Both the PPP and the PML(N) provide examples of this kind of dynasticism, down to the party leadership going to children. The PPP seems to be most advanced in this, with the third generation, in the shape of Bilawal Bhutto Zardari, now heading the party.

The hereditary principle is not absolutely absent in other countries. India, Sri Lanka and Bangladesh provide examples. Both India and Pakistan can show examples of third-generation CMs. Even in more developed democracies, the USA has seen two examples of father-and-son Presidents, while Canada’s PM is himself the son of a former PM.

While politics is a demanding profession, practitioners see it as desirable. In Pakistan as well as the rest of the world, one of the things developed by a politician is a machine designed to fight elections. In developed democracies, parties control those machines, and thus can select candidates, but in Pakistan, the parties must find candidates who already have machines. They are the so-called ‘electables’: people with pre-existing machines.

There is a certain recognition of .genetic predisposition in this, as the voters, or rather the people who actually make up the machine, think that a leader lost to old age or death passed on to a child, traits enabling him to be a winning candidate. Local bodies test this.

However, for a party which refuses to accept this genetic logic, which is trying to break this, to fall prey to the same syndrome, is a comedown. As a result, the PTI will now have a separate committee to decide the ticket applications of relatives. Relatives have not been defined. Sometimes, even brothers may fiercely oppose each other. At the next election, they might be contesting for different assemblies, but on the same ticket.

A lot of the time, the relative may be without credentials, but at the same time, the ticket may be an introduction, with the younger brother or son left to find his natural level.
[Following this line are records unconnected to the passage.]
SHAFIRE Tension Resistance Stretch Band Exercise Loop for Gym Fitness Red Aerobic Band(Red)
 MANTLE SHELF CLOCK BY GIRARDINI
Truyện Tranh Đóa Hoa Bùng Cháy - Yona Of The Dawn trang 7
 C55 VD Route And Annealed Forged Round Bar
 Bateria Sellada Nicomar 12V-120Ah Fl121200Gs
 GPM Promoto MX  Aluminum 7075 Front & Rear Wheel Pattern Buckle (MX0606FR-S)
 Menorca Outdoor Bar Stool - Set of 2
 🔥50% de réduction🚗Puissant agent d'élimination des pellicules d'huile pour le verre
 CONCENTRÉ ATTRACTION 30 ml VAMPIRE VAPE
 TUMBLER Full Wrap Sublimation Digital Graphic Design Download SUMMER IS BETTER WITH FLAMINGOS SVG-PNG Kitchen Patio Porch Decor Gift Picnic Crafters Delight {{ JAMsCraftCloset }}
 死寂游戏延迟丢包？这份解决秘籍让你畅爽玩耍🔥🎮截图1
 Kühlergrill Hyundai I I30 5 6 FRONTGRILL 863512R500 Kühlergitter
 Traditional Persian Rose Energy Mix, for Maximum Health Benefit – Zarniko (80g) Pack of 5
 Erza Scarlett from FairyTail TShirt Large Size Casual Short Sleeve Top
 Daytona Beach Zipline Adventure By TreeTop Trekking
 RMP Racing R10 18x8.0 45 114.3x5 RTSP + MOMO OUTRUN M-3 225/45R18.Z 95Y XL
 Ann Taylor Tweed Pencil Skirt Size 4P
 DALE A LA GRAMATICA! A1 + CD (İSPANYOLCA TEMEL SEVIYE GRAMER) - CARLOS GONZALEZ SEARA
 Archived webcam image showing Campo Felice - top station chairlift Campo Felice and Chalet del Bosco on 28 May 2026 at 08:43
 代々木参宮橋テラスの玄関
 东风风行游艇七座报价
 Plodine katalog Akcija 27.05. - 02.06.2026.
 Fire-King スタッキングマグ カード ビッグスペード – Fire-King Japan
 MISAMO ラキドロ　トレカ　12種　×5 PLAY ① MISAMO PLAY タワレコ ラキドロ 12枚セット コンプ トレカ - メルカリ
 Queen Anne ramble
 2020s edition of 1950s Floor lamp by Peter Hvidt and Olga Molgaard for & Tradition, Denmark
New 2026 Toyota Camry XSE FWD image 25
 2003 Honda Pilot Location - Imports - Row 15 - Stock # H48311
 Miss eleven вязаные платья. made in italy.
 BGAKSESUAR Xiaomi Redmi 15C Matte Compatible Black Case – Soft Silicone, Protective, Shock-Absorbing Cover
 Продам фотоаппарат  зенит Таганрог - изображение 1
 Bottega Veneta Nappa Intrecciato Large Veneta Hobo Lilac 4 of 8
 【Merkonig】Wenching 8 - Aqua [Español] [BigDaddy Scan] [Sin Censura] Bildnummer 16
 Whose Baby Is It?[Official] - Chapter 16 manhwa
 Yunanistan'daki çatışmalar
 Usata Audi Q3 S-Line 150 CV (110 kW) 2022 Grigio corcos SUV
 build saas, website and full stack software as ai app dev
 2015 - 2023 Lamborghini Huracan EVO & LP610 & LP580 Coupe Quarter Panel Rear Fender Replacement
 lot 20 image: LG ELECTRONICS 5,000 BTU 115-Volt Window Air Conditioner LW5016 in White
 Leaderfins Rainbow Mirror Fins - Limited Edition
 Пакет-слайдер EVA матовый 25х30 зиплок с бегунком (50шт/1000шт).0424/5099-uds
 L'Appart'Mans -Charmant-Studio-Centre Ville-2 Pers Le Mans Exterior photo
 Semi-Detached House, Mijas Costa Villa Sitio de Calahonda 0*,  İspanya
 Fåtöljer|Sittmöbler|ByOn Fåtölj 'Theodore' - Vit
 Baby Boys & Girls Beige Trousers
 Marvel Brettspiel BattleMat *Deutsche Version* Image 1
The PTI may find problems in Punjab local body elections, where deciding against MNAs’ or MPAs’ relatives might cost them support the party can ill afford, in either House.

The PTI has apparently tied itself into all sorts of knots. The only party which really wants the local bodies is the PML(N), and that is because it has traditionally used them as a sort of substitute for a grassroots organization. Local councillors’ support has counted in all parties’ calculations, but most in the case of the PML(N), especially in Punjab, where the next elections take place.